The combination of the tasks identified with the resiliency parameters and the available resources associated with the required skill set are transmitted to an allocating means 130. The identified tasks may or may not be tuned. The allocation means 130 is configured to create at least one allocation plan based on the task identified in the DOS 105, the resiliency parameters and the available resources. The allocating means 130 is also interfaced with a database 120, which can provide the allocating means 130 with several different types of data (e.g., past outages, skills availability, baseline resiliency, etc.). The allocating means is configured to feed the at least one allocation plan 140 to an output means 150. The output means 150 is configured to test each of the at least one allocation plans 140 and determine the most optimal allocation plan 155, which is then assigned to the client. In one embodiment, the output means 150 is also interfaced with the database 120 such that the output means 150 can use parameters such as past outages and the likes to identify the most optimal allocation plan 140. The output means 150 and the allocating means 130 are interfaced such that each of the allocation plans that are tested, may be sent back to the allocating means 130 to be refined further and then tested again in the output means 150 iteratively.

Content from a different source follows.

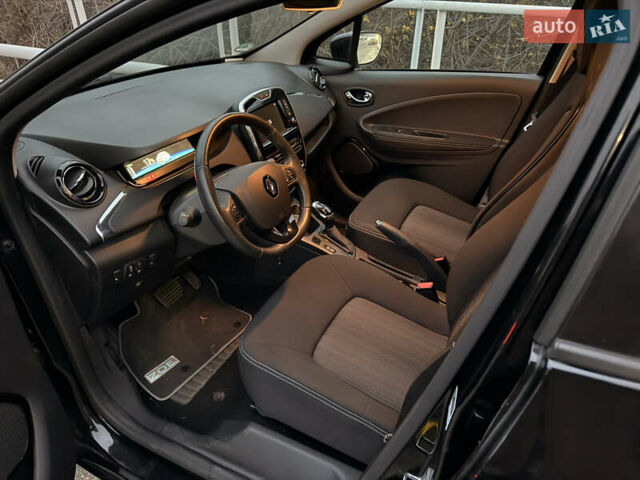 Черный Рено Зое, объемом двигателя 0 л и пробегом 46 тыс. км за 9700 $, фото 14 на Automoto.ua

The client is coupled to the resiliency planning system 100 by means of a wired network, a wireless network or a combination thereof. For example a wired network includes coupling via cable, optical fiber and the like. Wireless networks include wireless standard such as Bluetooth, digitally enhanced cordless telecommunication (DECT), dedicated short range communication (DSRC), HIPERLAN, HIPERMAN, IEEE 802.11x, IRDA, Radio frequency Identification (RFID), WiFi, WiMax, xMax, ZigBee and the like. In one embodiment, the client is configured to create the DOS 105 based on the requirements at the client, and then transmit the DOS 105 to the resiliency planning system 100. The client is configured to initiate transmitting the DOS 105 to the resiliency planning system 100 using push mechanism. The resiliency planning system 100 is then configured to receive the request from the client, analyze the DOS 105, generate at least one or more allocation plans and select the most optimal allocation plan for performing the DOS 105. An advantage of this method is better predictability, efficient performance and cost savings.

Workload Analyzing Means

Reference is now made to FIG. 1, wherein the workload analyzing means 118 is configured to determine a plurality of resiliency parameters and the values of the resiliency parameters, depending on the tasks provided by the analyzing means 112. These resiliency parameters determine the critical tasks that cannot be bypassed and also have a relatively short timeframe for completion. The workload analyzing means 118 interfaces with a repository 120 consisting of a knowledge base representing historical information.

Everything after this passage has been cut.